# [Exercise details]
Take the data below and extract the lines from the one with "Exeed.io - Creative" to the one with "Car Mats Mercedes-Benz W251 R-Class (2005-…)", inclusive, exactly as written.

# [Material supplied]
++++

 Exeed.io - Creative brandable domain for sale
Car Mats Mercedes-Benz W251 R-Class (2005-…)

++++

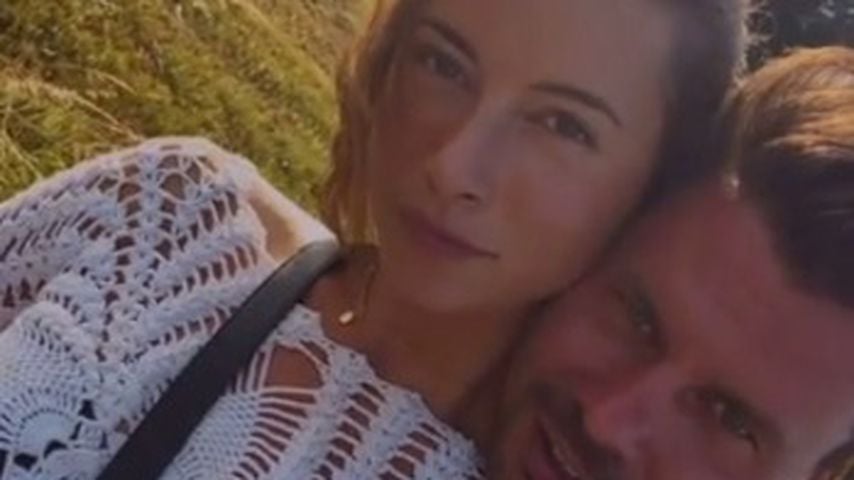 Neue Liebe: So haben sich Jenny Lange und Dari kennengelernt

++++

# [The completed task]
 Exeed.io - Creative brandable domain for sale
Car Mats Mercedes-Benz W251 R-Class (2005-…)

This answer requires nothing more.